After a spring that included co-hosting Ontario Arts Council’s Fuel for Fire, launching my book in Toronto and Montreal, and attending over a dozen festivals and events, I no longer recognize my life.  I don’t know if this is a normal or abnormal number of invitations for a debut poet. I don’t know if this is normal for a poet with a major press. I don’t know if this is normal for someone whose first book appeared after the age of 35. All I know is the warmth and interest that Admission Requirements has received has me dazed with gratitude. 

I know what my life is supposed to look like: head-rolling commutes to teaching or tutoring across the splayed-out city and hours milled under lamplight with line-edits. Equal measures of discipline and obscurity, with teaspoons of socializing and success. I find routine sustaining, because of how long it’s taken me to be independent and to write on my own terms. Though my small taste of being in the spotlight, AirBnb stays and book signings has been modest compared to that of more established authors, I found myself quickly drained by the logistics of book promotion, socializing, travel and the anxiety of reading poems about personal family matters to a curious, expectant audience. “Why didn’t you warn me it was so exhausting!” I cried half-accusingly, half-seriously to my writer-friends. There was no way they could have– every writer is treated differently by the book promotion machinery, and every writer views doing events differently. Some thrive on public performers, others wilt without constant snacks intervals of solitude. 
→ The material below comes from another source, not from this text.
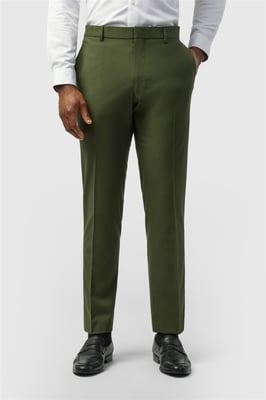 Flat Fronted Slim Fit Suit Trousers in Olive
Early on I realized I couldn’t let myself, my editor or my publisher down– they had invested in me, so to speak, and I owed it to them and to myself to become a strong performer of my work. I couldn’t read the way I had before my book was published, lightly, without a sense of lastingness or consequences. I had to deliver. I had to reach into the emotional heart of a poem. Which meant that even after a 10 or 15 minute reading, I could be shaking, close to tears. It was especially strange to be explaining Chinese ancestor worship, or the Hong Kong democracy protests, or telling the story of my parents’ immigration to Canada. I don’t know if this added to my underlying paranoia, but no matter what, insomnia struck in the night before a reading, the anxiety doubled if I needed to catch a flight or train. I’d have trouble sleeping the night after too because conversations swirled in my brain hours afterwards. The lack of sleep led to headaches and difficulty eating. As the weeks progressed, I became even more anxious, knowing how little rest I’d get before and after the event. I Skyped a close friend who had worked hard to promote his book widely. I asked him how long it took him to recover from his slew of cross-country festivals and events: “I’m still recovering,” he said ruefully.
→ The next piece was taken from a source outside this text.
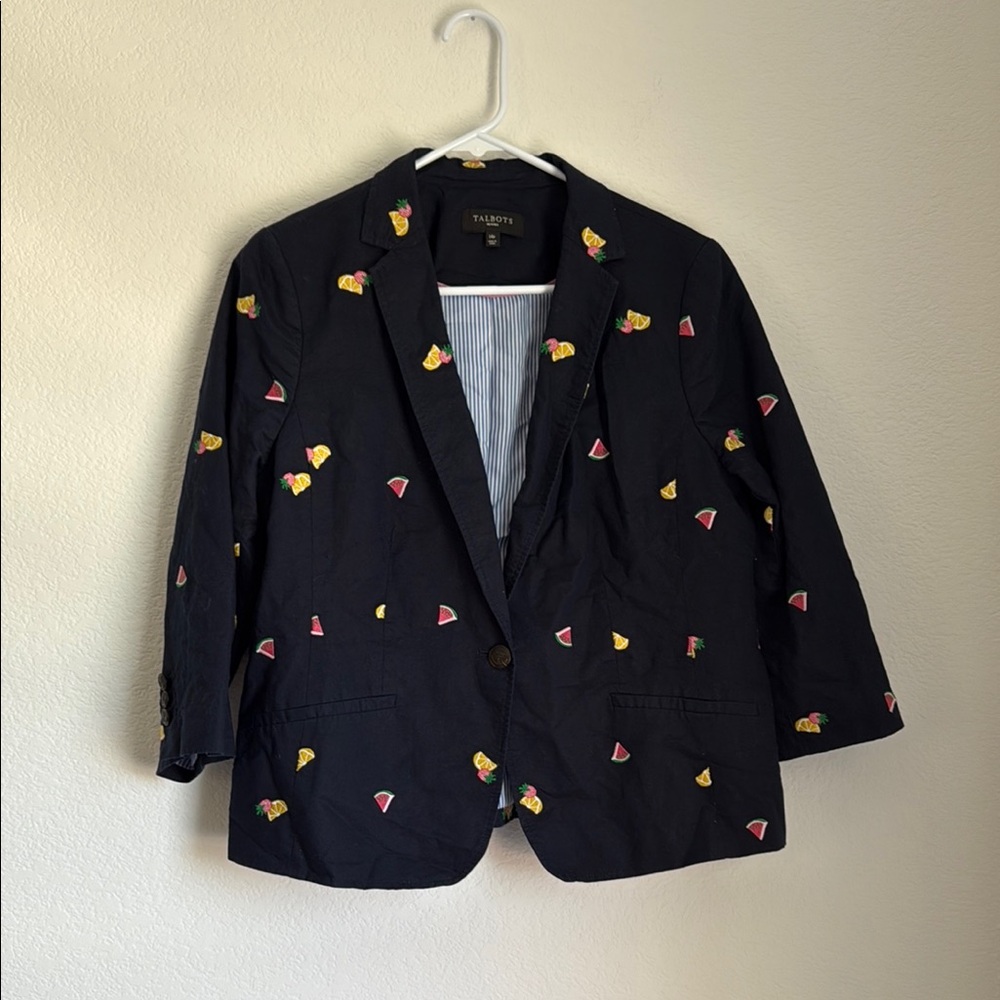 Talbots Black and Yellow Butterfly Blazer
At the same time, I’ve been able to let go of some vestiges of fear and dread around the book, fears that it was not what I’d wanted to be, or that it was too muted and polite, or that my publisher and editors would be disappointed in me. Amidst the hectic weeks, they always managed to find me in the crowd to press their warm hands on me and to whisper their encouragement. Their pride in me and the warm reception of my work is slowly eradicating the three decades of believing that I was somehow not enough, not doing enough, not good enough, the way a flaming knife or pure alcohol gradually sears a crawling wound.

I was still puzzled at why I was often the only writer of colour on the bill. Even as I saw and heard assurances that I was invited for my work, of course I couldn’t help thinking I checked off an awful lot of boxes: female, of colour, with a big-name publisher, a U of T MA grad, with work that’s for the most part, accessible in its lyric mode. In my insistence that I had been asked for other reasons than the quality or impact of my poetry, I could give everyone the benefit of the doubt except myself. If I couldn’t push away this self-destructive negativity, I wouldn’t benefit from all the opportunities I was being given by those in the position to manifest change and who are determined to bring more diversity to local festivals, reading series, events and communities of readers, even if that spectre of diversity is still illusory or flawed. I’ve been buoyed up by the energy, activity, and dedication I’ve seen in those communities I’ve been lucky enough to visit, while there’s still work to be done. At the very least, I can do my job, which is to be present, thankful, and a tough act to follow.

 

1 Comment

  1. “Why didn’t you warn me that it was so exhausting?” I loved your honesty with this post. I suspect you are not alone in your thoughts. Promoting a book is often more work than finalizing a manuscript. And if you crave quiet time (like I do) to recharge your batteries, all the public demands with selling a book can definitely pull the energy from you. Would love to hear how others manage this balancing act between writing in solitude and being on one’s best behaviour during public obligations.